You must specify the multi_host option on the command line when creating fixed networks. For example:

#  nova network-create test --fixed-range-v4=192.168.0.0/24 --multi-host=T
            

 HA Option 2: Failover

The folks at NTT labs came up with a ha-linux configuration that allows for a 4 second failover to a hot backup of the network host. Details on their approach can be found in the following post to the openstack mailing list: https://lists.launchpad.net/openstack/msg02099.html

This solution is definitely an option, although it requires a second host that essentially does nothing unless there is a failure. Also four seconds can be too long for some real-time applications.

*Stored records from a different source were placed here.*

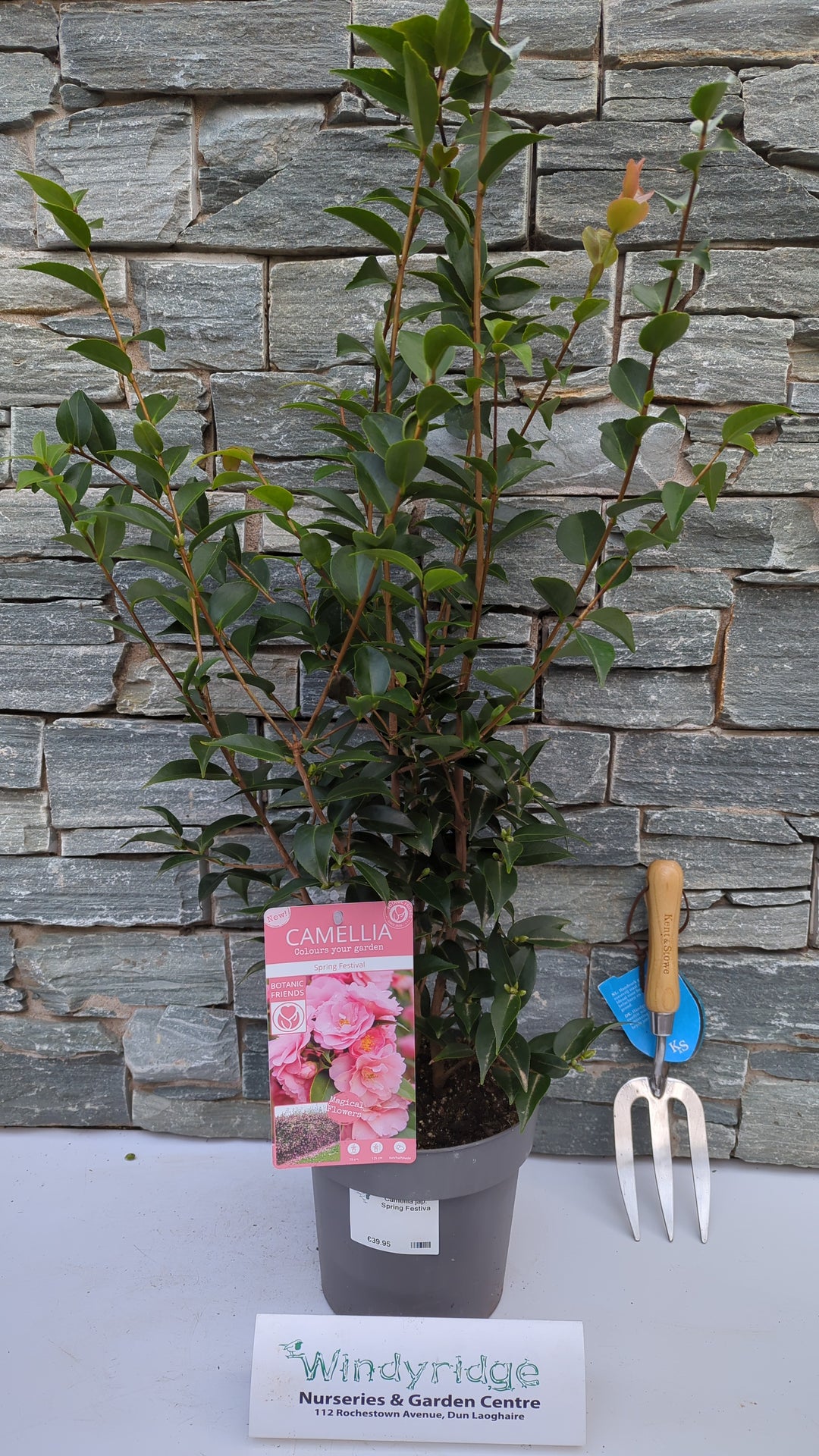 Camellia jap. Spring Festival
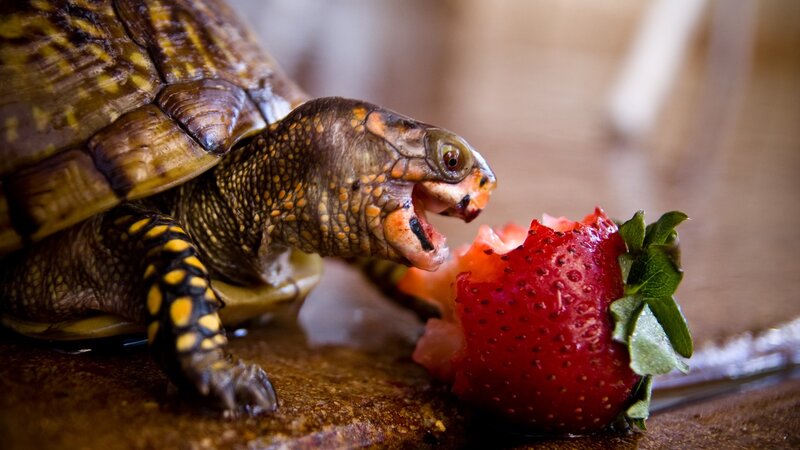 Turtle Eating Strawberry — Calm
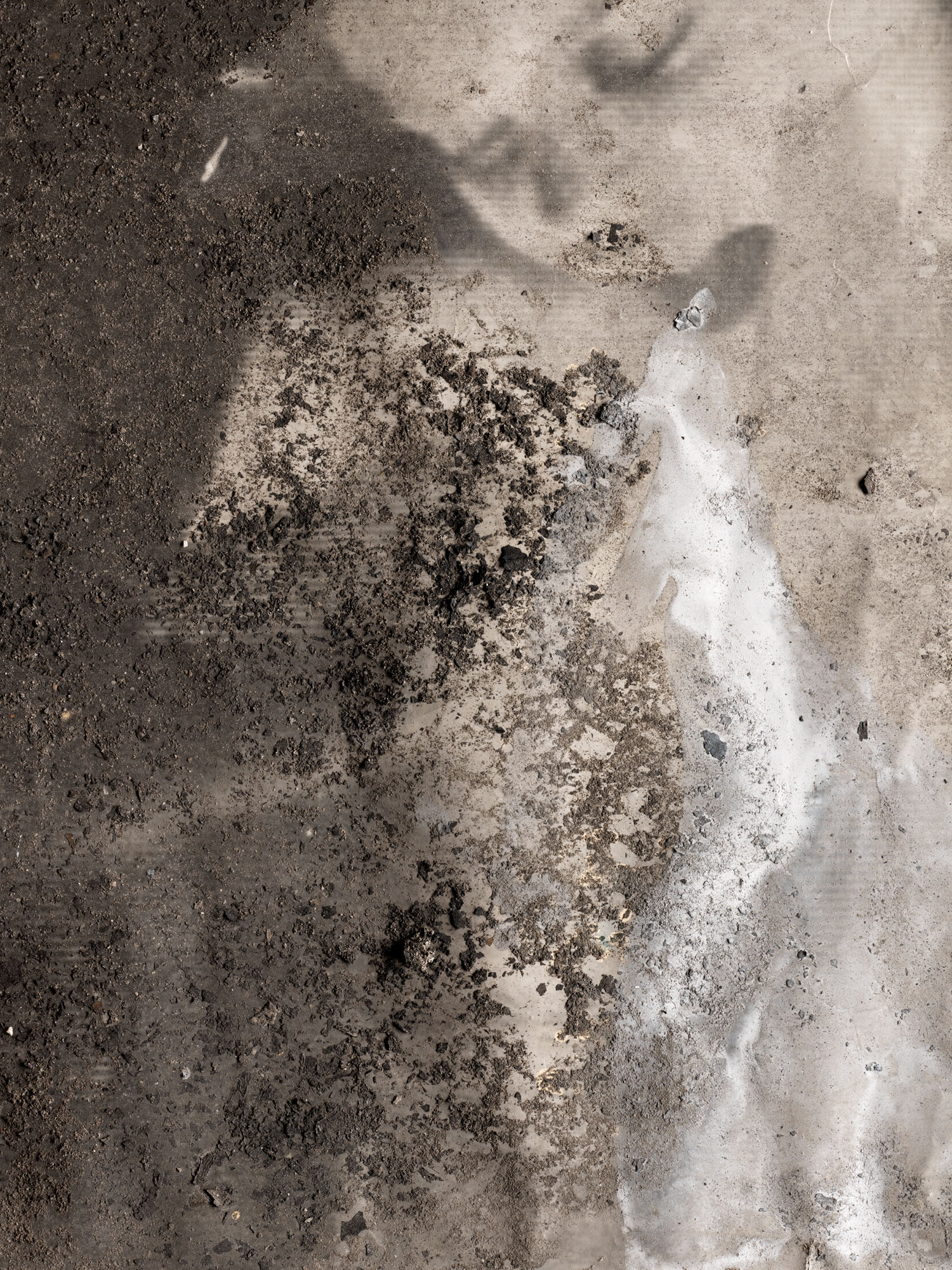 Anselm Kiefer — Олимпия, изображение 3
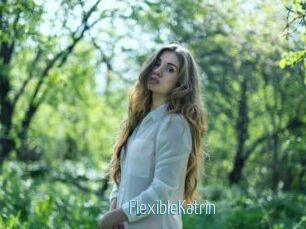 FlexibleKatrin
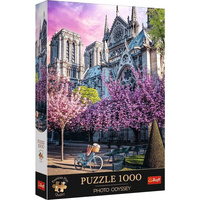 Notre-Dame w Paryżu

To enable this HA option, your nova.conf file must contain the following option:

send_arp_for_ha=True

See https://bugs.launchpad.net/nova/+bug/782364 for details on why this option is required when configuring for failover.

 HA Option 3: Multi-nic

Recently, nova gained support for multi-nic. This allows us to bridge a given VM into multiple networks. This gives us some more options for high availability. It is possible to set up two networks on separate vlans (or even separate ethernet devices on the host) and give the VMs a NIC and an IP on each network. Each of these networks could have its own network host acting as the gateway.

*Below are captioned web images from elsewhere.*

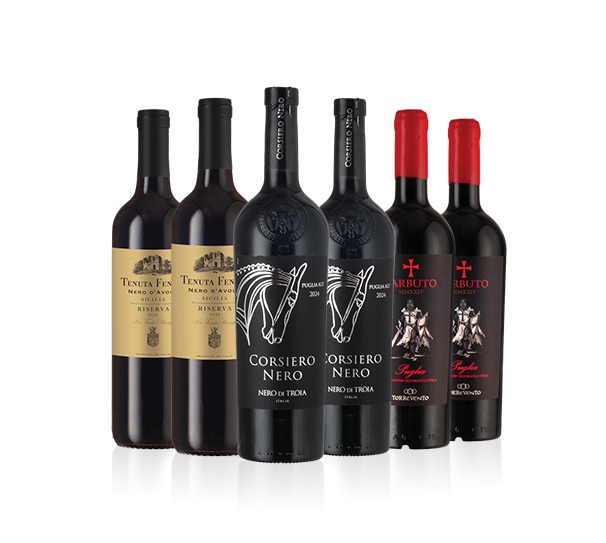 Southern Italian Reds (Add-On Deal) Southern Italian Reds (Add-On Deal)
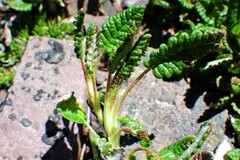 Dryas hookeriana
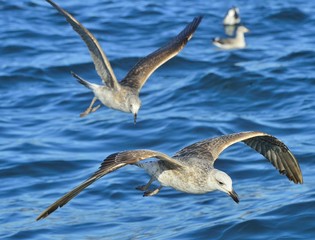 Flying Juvenile Kelp gull (Larus dominicanus), also known as the Dominican gull and Black Backed Kelp Gull. Natural blue water background of ocean . False Bay, South Africa
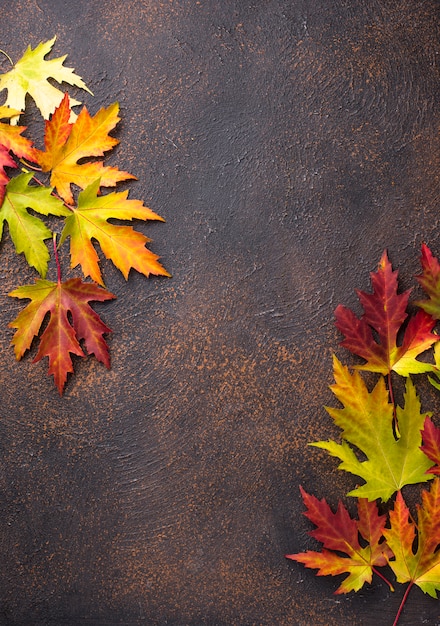 Fond d'automne avec des feuilles d'érable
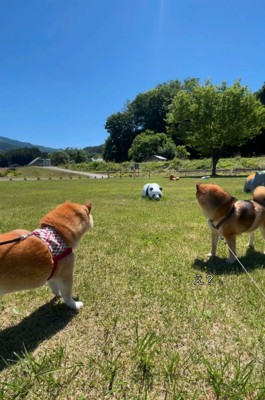 外で佇む柴犬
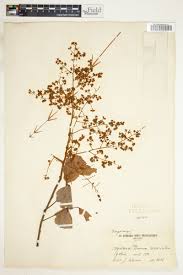 Image result for Agelaea pentagyna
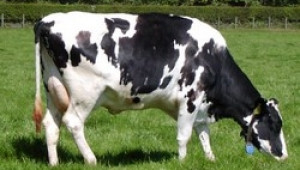 Наближава крайният срок за подаване на заявления по Схемата за краве мляко - Agri.bg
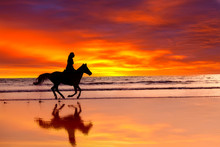 Silhouette Of  Girl Skipping On A Horse  On A Sunset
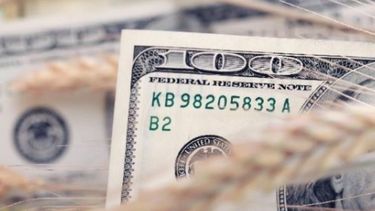 Nuevo panorama impositivo complica al campo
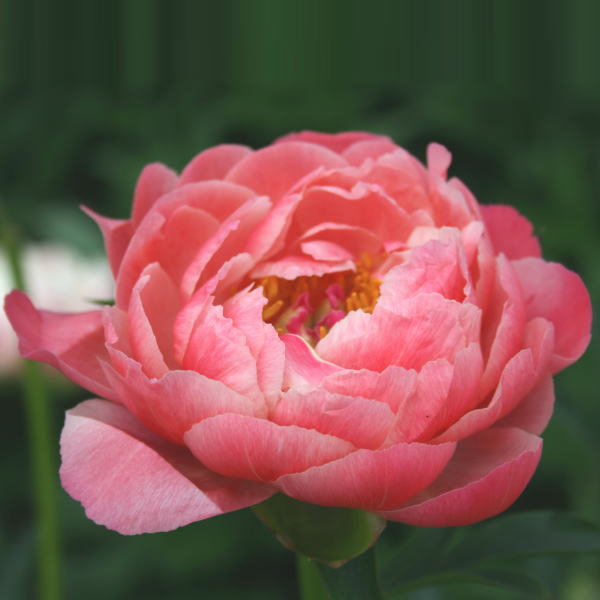 【予約】芍薬 シャクヤク 7号 コーラルチャーム ※2025年12月上旬以降発送予定|草花10-TU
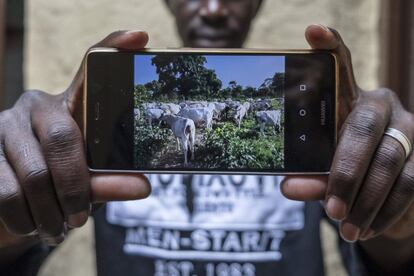 Keba Diouara muestra una foto de su ganado que mantiene desde España. Hace años su familia perdió gran parte de sus vacas por culpa de la tripanosomiasis. Gracias a los últimos avances en su país Keba se ha decidido a volver a levantar una cabaña ganadera similar a la que perdió su padre y que además también sirve de sustento al resto de su familia.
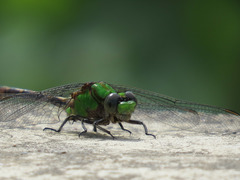 Ophiogomphus rupinsulensis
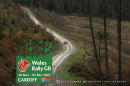 Rally GB 2007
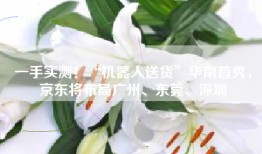 一手实测！“机器人送货”华南首秀，京东将布局广州、东莞、深圳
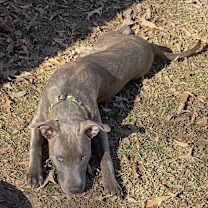 Thumbnail photo of Leo #2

In this case, the VM has two possible routes out. If one of them fails, it has the option of using the other one. The disadvantage of this approach is it offloads management of failure scenarios to the guest. The guest needs to be aware of multiple networks and have a strategy for switching between them. It also doesn't help with floating IPs. One would have to set up a floating IP associated with each of the IPs on private the private networks to achieve some type of redundancy.

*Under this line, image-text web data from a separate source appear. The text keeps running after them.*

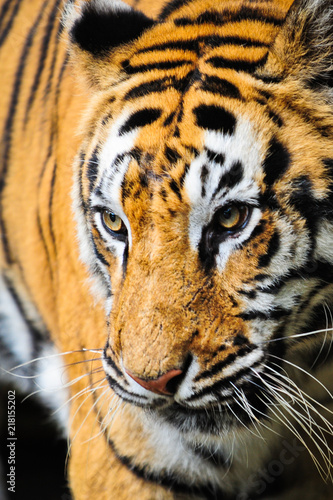 Plakat Tygrys z bliska portret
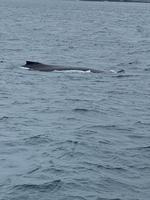 Whalewatching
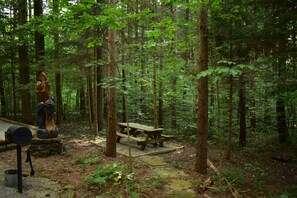 A forested area with a wooden picnic table and a mailbox.
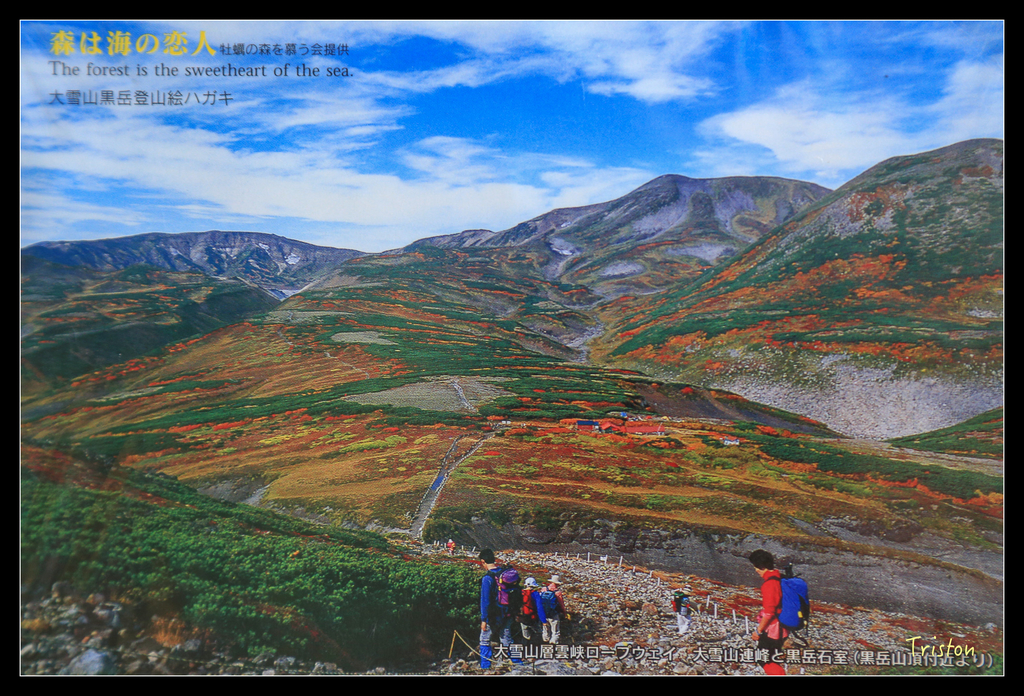 jh1a8801_21746954479_o.jpg - 20011002 北海道蜜月旅行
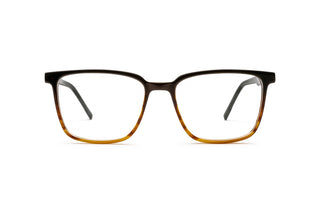 7110103130 Tortoise image-1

 HA Option 4: Hardware gateway

The dnsmasq service can be configured to use an external gateway instead of acting as the gateway for the VMs. This offloads HA to standard switching hardware and it has some strong benefits. Unfortunately, the nova-network service is still responsible for floating IP natting and DHCP, so some failover strategy needs to be employed for those options. To configure for hardware gateway:

  1. Create a dnsmasq configuration file (e.g., /etc/dnsmasq-nova.conf) that contains the IP address of the external gateway. If running in FlatDHCP mode, assuming the IP address of the hardware gateway was 172.16.100.1, the file would contain the line:

    dhcp-option=option:router,172.16.100.1

    If running in VLAN mode, a separate router must be specified for each network. The networks are identified by the first argument when calling nova network-create to create the networks as documented in the Configuring VLAN Networking subsection. Assuming you have three VLANs, that are labeled red, green, and blue, with corresponding hardware routers at 172.16.100.1, 172.16.101.1 and 172.16.102.1, the dnsmasqconfiguration file (e.g., /etc/dnsmasq-nova.conf) would contain the following:

    dhcp-option=tag:'red',option:router,172.16.100.1
    dhcp-option=tag:'green',option:router,172.16.101.1
    dhcp-option=tag:'blue',option:router,172.16.102.1
  2. Edit /etc/nova/nova.conf to specify the location of the dnsmasq configuration file:

    dnsmasq_config_file=/etc/dnsmasq-nova.conf
  3. Configure the hardware gateway to forward metadata requests to a host that's running the nova-api service with the metadata API enabled.

    The virtual machine instances access the metadata service at 169.254.169.254 port 80. The hardware gateway should forward these requests to a host running the nova-api service on the port specified as the metadata_host config option in /etc/nova/nova.conf, which defaults to 8775.

    Make sure that the list in the enabled_apis configuration option /etc/nova/nova.conf contains metadata in addition to the other APIs. An example that contains the EC2 API, the OpenStack compute API, the OpenStack volume API, and the metadata service would look like:

    enabled_apis=ec2,osapi_compute,osapi_volume,metadata
  4. Ensure you have set up routes properly so that the subnet that you use for virtual machines is routable.